Gente juntei a histórinha que havia começado com a da Alessandra para consulta na construção de nosso AUTO...
Oraculo das ilusoes
Num cortiço acinzentado, lá no centro da cidade de São Paulo, mora um velho de idade desconhecida. Chamam-no Seu Januario. Quem passa pela calçada e o vê na janela, de lápis e papel na mesa de óculos na ponta do nariz, segue seu caminho pensando:
“Que tristeza viver assim tão sozinho nessa cidade carbonizada...”
Mas engana-se. Seu Januario é o mais feliz dos vovôs, por que vive em companhia da mais encantadora neta – Alice, a menina que gosta de beijar cigarras. Alice tem dezesseis anos, está sempre de cabelos trançados, e já sabe fazer brigadeiro de panela.
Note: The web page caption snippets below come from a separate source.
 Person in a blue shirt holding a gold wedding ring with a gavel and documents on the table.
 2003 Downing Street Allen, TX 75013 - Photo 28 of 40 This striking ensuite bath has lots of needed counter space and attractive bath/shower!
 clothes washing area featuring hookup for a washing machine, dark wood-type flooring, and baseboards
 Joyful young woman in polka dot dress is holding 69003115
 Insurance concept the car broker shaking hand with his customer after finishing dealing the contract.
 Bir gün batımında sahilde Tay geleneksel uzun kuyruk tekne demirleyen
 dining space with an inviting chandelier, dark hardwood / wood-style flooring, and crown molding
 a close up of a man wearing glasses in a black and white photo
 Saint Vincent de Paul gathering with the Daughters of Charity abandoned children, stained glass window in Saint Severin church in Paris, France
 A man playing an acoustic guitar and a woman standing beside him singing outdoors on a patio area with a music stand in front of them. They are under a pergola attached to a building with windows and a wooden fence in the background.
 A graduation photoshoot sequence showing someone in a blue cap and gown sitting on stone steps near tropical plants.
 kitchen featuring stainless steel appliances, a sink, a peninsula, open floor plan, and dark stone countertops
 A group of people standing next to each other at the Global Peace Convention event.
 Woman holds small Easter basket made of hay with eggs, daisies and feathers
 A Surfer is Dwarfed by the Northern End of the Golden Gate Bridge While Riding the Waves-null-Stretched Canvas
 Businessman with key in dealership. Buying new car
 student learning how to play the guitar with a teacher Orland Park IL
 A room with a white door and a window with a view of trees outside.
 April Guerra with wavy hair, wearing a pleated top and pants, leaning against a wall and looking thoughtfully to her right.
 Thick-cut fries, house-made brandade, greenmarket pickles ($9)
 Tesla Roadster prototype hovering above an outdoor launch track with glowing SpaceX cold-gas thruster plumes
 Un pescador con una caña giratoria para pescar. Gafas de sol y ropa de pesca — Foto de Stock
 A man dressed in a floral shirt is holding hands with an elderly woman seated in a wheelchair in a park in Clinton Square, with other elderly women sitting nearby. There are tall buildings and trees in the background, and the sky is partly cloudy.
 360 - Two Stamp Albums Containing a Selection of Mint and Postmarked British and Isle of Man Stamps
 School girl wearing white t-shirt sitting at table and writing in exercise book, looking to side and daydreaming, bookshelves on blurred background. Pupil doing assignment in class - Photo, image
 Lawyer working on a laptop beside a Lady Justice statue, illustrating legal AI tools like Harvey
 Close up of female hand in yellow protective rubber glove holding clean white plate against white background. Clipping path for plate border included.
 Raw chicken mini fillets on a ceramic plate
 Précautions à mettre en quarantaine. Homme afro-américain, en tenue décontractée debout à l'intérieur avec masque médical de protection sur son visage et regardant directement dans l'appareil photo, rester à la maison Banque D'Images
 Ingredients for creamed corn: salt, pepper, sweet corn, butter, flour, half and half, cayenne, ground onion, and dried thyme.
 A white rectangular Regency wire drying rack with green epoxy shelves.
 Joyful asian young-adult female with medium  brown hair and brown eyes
Na casa ainda existe mais alguém. A Cuíca, a cachorra vira lata que a Alice encontrou na rua ainda filhote toda machucada e a cigarra Anna Nuvem. A cigarra, Alice encontrou num terreno baldio que estavam desapropriando para construir um estacionamento, Alice ficou com medo da cigarra se machucar e resolveu levá-la para seu apartamento. Alice então pegou a caixa de sapatos do avô, encheu-a de matinhos e deixou a caixa pertinho da janela onde o avô tem o habito de desenhar. Alice gosta muito dela, toda manhã acorda com a cigarra cantando.
Alem da cigarra e a Cuíca, o outro encanto da menina é a pracinha que fica a três quarteirões de seu apartamento. Lá aparecem pessoas de todos os jeitos, mas o que chama a atenção da menina é o Realejo.
Todas as tardes, Alice toma a Cuíca e a Cigarra e vai passear na pracinha, onde adora pisar em folhas secas. A menina da saltos como se quisesse alcançar o céu e o som das folhas se desfazendo deixava Alice maravilhada. No percurso, Alice sempre para enfrente aos postes e muros do quarteirão, sempre acha muito bonito as fadinhas que lá vê grudadas. A menina fica mordida de curiosidade de saber quem é que as desenha.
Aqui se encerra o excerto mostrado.